Steering the summary
Four arguments steer the result, and they behave the same way on every backend. Set the ones that matter and leave the rest to the defaults.
| Argument | Effect |
|---|---|
target_tokens | A length hint, not a hard cap. The summariser aims for roughly this size and won't truncate mid-thought to hit an exact number. |
focus | Free-text steer threaded into the summariser prompt, for example "focus on the breaking changes" or "focus on pricing". The model weights toward what you name. |
preserve | An array of sections kept verbatim instead of compressed away. Any of code, tables, quotes, lists. |
style | bullet, prose, or executive. Default from summarization.default_style (prose). |
Say a library release covers the changelog, migration notes, install steps, and contributors. focus tells Rover which one you came for.

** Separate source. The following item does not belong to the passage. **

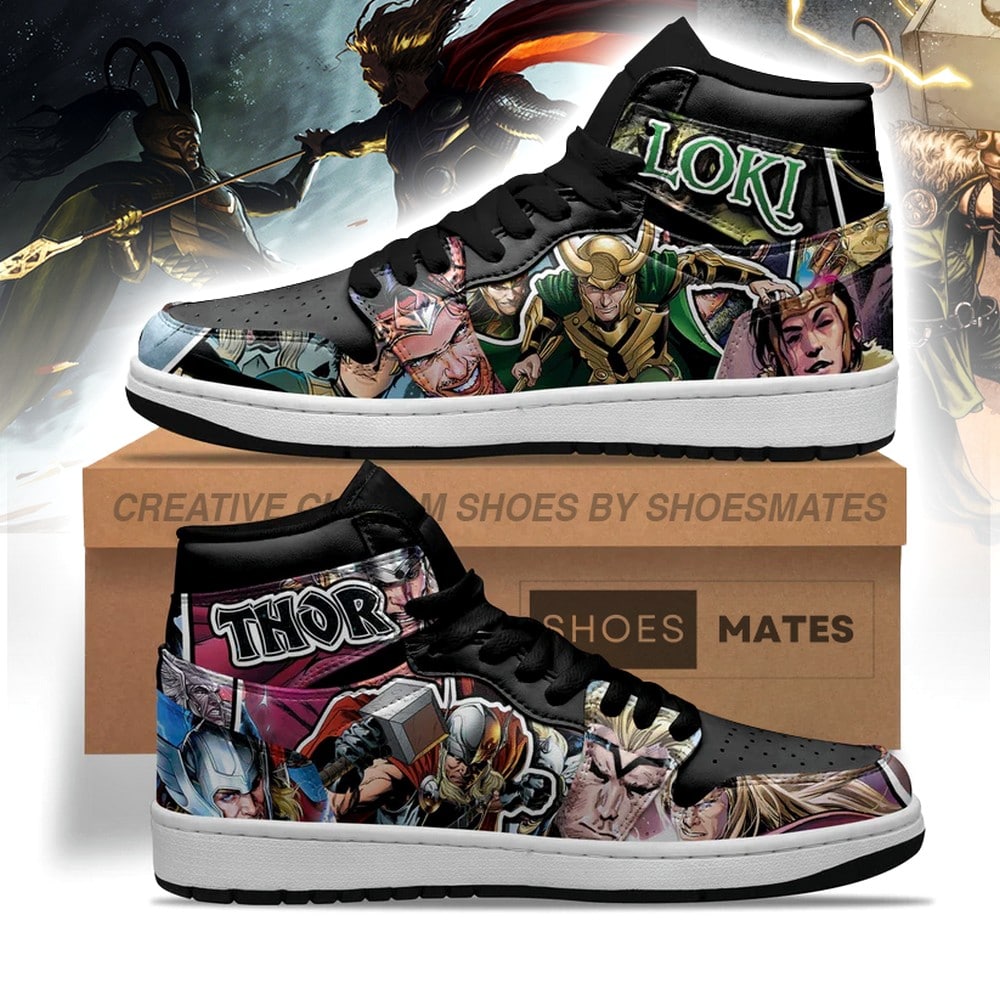 Ideafootwear Thor and Loki AJ1 High Sneakers Shoes For Men And Women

On a tutorial, pair it with preserve: ["code"] to compress the prose while keeping every snippet intact.
focus and style only affect backends that rewrite. Extractive ranks and selects existing sentences, so neither has any effect there.
Choosing a backend
backend names a [backends.<name>] block and picks who does the work for this one call. Extractive runs offline in-process and is always available. Cloud calls a hosted LLM. Leave backend off and Rover uses summarization.default_backend.
Extractive is free, deterministic, and offline, and it can't paraphrase. Cloud reads better and follows focus and style, at the cost of an API call and a key. The provider list, config keys, and per-provider env vars are on the Backends page.
The tokenizer argument is orthogonal to all of this. It sets which tokeniser family counts the resulting summary, which is what target_tokens and the reported count are measured against. It has no effect on what the summary says.
When a backend fails
A failing cloud call doesn't have to fail your request. With summarization.fallback_to_extractive = true, the default, an auth error, a rate limit, a model error, or an invalid request retries transparently on an extractive backend, and the response records what happened:
{
"summarizer_fallback": {
"from": "anthropic",
"reason": "rate_limited"
}
}
You still get a summary, the offline one, and summarizer_fallback names the cloud backend that failed. Set fallback_to_extractive = false to make the call fail loudly instead of downgrading. Configure it in Configuration.
From the CLI
The CLI runs the same path. --summarize takes a JSON blob with the same shape as the tool arguments:
rover fetch --summarize '{"mode":"abstractive","target_tokens":500}' https://example.com/long-report
Add a focus and a preserve the same way you would over MCP:
rover fetch --summarize '{"focus":"the security implications","preserve":["code"]}' https://example.com/advisory
Same modes, same backends, same fallback behaviour.